## Instructions to follow:
For the material below, reproduce exactly each line from the one that has "We need to do" through the one that has "Hello guys, my", and no others; pictures stay out.

## Data for analysis:
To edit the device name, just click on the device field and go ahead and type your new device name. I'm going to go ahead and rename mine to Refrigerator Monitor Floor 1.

---

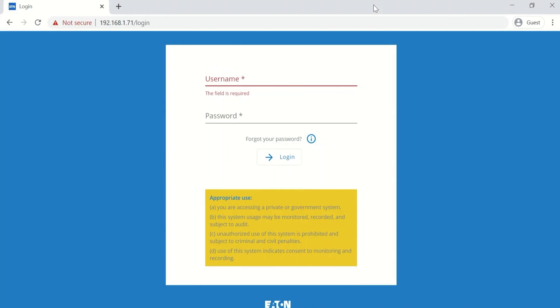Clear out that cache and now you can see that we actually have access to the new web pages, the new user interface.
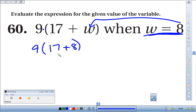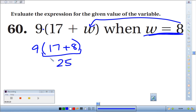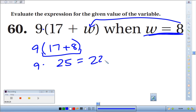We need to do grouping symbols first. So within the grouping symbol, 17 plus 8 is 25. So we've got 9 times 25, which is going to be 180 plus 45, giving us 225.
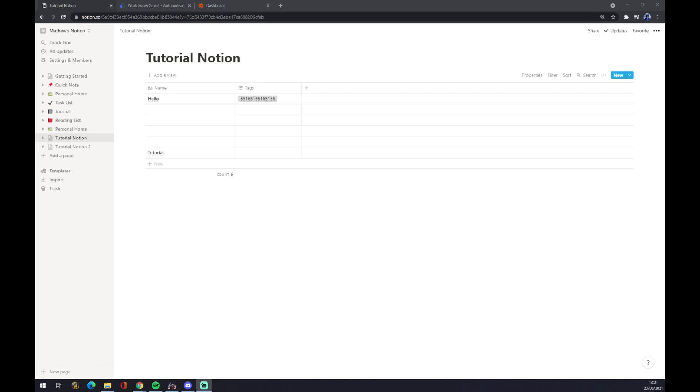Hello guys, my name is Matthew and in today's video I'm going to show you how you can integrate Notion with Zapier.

## Response to this exercise:
We need to do grouping symbols first. So within the grouping symbol, 17 plus 8 is 25. So we've got 9 times 25, which is going to be 180 plus 45, giving us 225.
Hello guys, my name is Matthew and in today's video I'm going to show you how you can integrate Notion with Zapier.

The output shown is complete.